Rabies a global problem that still causes so many deaths
Published 11/02/2014 | 05:38
It was Sam's sixth birthday, and he was playing under the kitchen table as his family gathered to celebrate.
There was a hubbub of conversation between brothers, sisters, cousins, aunts and uncles as Sam's mother busily prepared the meal. Suddenly there was a loud snarl and a snap, and Sam let out a shriek. He had just been bitten by Ben, the family's Jack Russell Terrier, and he was bleeding from a wound on his cheek.
Dog bites are a common form of injury to humans: around half of all Irish children are bitten by a dog at some point during their life. Bites are most common in young children, particularly boys aged between five and nine: the reason for this is that children have not yet learned how to interact with dogs safely. The offending animal is nearly always the family dog (or a neighbour's dog), and most interactions are started by the child. It is rarely "the dog's fault" .
The simple answer to this problem is that children should never be left unsupervised with dogs, regardless of what type of dog it is or its previous behaviour. Children should be taught how to behave around dogs, using tools like the Kennel Club's "Safe and Sound" Scheme ( www.safetyarounddogs.org.uk).
Here in Ireland, the consequences of a dog bite are relatively straightforward. A boy like Sam may just need simple home first aid, or in more severe cases, a visit to hospital may be needed.
In many other countries around the world, it's much more complicated. A dog bite carries the risk of rabies infection, which is invariably fatal in humans.
Rabies is a global problem that causes the deaths of thousands of people and dogs. In India alone, every two seconds someone is bitten by a dog, around 24 people a day suffer an excruciating death from rabies:over half of them are children.
If Sam had been born in India, that minor dog bite could have had desperately serious consequences. If he was lucky, he might be taken to a doctor to be given post-exposure anti-rabies vaccination. However, it'd be far more likely that this level of medical intervention would be unavailable to him. Nothing would be done other than basic cleaning of the wound.
If the dog was carrying rabies, Sam would be infected, and in the following weeks, he would develop symptoms of rabies. He might have a fever or a headache at first, with an itching sensation at the site of bite. A few days later, he would develop anxiety, confusion and agitation.
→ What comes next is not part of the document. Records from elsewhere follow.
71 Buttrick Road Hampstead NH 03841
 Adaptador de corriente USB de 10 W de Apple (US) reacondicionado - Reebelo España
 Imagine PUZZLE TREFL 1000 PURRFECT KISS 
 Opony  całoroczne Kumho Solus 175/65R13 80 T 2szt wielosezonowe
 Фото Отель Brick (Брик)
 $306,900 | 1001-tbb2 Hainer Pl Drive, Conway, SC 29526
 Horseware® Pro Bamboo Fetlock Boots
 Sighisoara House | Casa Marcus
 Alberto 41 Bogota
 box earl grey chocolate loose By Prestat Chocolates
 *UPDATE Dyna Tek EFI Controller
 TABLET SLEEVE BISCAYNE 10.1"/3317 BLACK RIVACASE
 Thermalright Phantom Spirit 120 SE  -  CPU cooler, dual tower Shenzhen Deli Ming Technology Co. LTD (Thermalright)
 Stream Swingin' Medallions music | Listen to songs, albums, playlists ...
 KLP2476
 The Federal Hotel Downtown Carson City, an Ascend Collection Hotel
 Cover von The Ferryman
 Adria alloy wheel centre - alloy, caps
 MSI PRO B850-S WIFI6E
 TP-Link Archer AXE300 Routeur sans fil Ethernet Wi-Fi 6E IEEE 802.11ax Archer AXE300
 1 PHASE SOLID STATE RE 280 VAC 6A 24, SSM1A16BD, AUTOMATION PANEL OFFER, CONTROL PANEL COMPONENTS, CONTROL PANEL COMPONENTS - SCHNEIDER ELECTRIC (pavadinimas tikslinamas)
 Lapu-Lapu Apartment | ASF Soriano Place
As the disease progressed, Sam would develop abnormal behaviour (such as fear of water), hallucinations, and insomnia. He would go on to suffer a terrifying death.
The most shocking aspect of rabies is that it is completely preventable. Vaccination of dogs in bulk programmes is inexpensive and highly effective: it can cost as little as 50c per dog. In comparison,the cost of a human being treated for rabies after a dog bite is around €40, which is over a month's salary in the regions where rabies is common.
The World Health Organisation believes that mass canine vaccination programmes are the most effective measure for controlling rabies, and that vaccinating 70% of the dogs in an area where rabies is prevalent is necessary to control the disease in both humans and dogs. Ambitious targets are in place to have rabies eliminated from the planet by 2030.
In the recent past, mass dog vaccination programmes have allowed some countries to become rabies-free: there are many examples in South America. In Sri Lanka, this type of programme has reduced rabies deaths from more than 350 in 1973 to just 50 in 2010. Yet in over 150 countries around the world, death by rabies continues to be a threat to humans and dogs. Over 55 000 people die of rabies every year, with over 95% of them in Asia and Africa.
India is the country with the biggest rabies problem, with 20000 people dying every year. So-called "street dogs" are part of the urban culture. They play an important role in the ecosystem by helping to deal with garbage: in areas where dogs have been forcibly removed, the urban rat population has become a major problem. But street dogs also carry rabies.
The answer to India's rabies crisis is well-known but difficult to implement: sterilisation and vaccination of street dogs. This has happened successfully in some areas, but the sheer size and scale of India is daunting: it's the second most populous country in the world, with over 1.2 billion people (nearly 300 times the population of Ireland), living in an area that's 40 times as big as Ireland. It's easy to be intimidated by these numbers, but the answer is still simple: vaccination of most street dogs against rabies, combined where possible, with sterilisation of dogs to prevent breeding.
Many organisations are working to achieve this goal, including the World Society for the Protection of Animals (www.wspa-international.org), and Mission Rabies (www.missionrabies.com) which is aiming to vaccinate over two million dogs in India against rabies in the next three years.
I am travelling out to India next week to play my part. I will be visiting the Mayapuri slum in Delhi, with a charity called ASHA (the Hindu word for hope). My aim is to carry out a dog census and rabies review of the area, using observation and a questionnaire.
I hope that my efforts may lead to dogs in the Mayapuri slum being vaccinated, and in due course, when a boy like Sam is bitten by a dog, he will not be infected with rabies. That one boy may seem insignificant in the statistics, but to him, the difference will be massive. And if other people take action to help to work towards the eradication of rabies in India, tens of thousands of other children like Sam will also be protected against this terrible disease.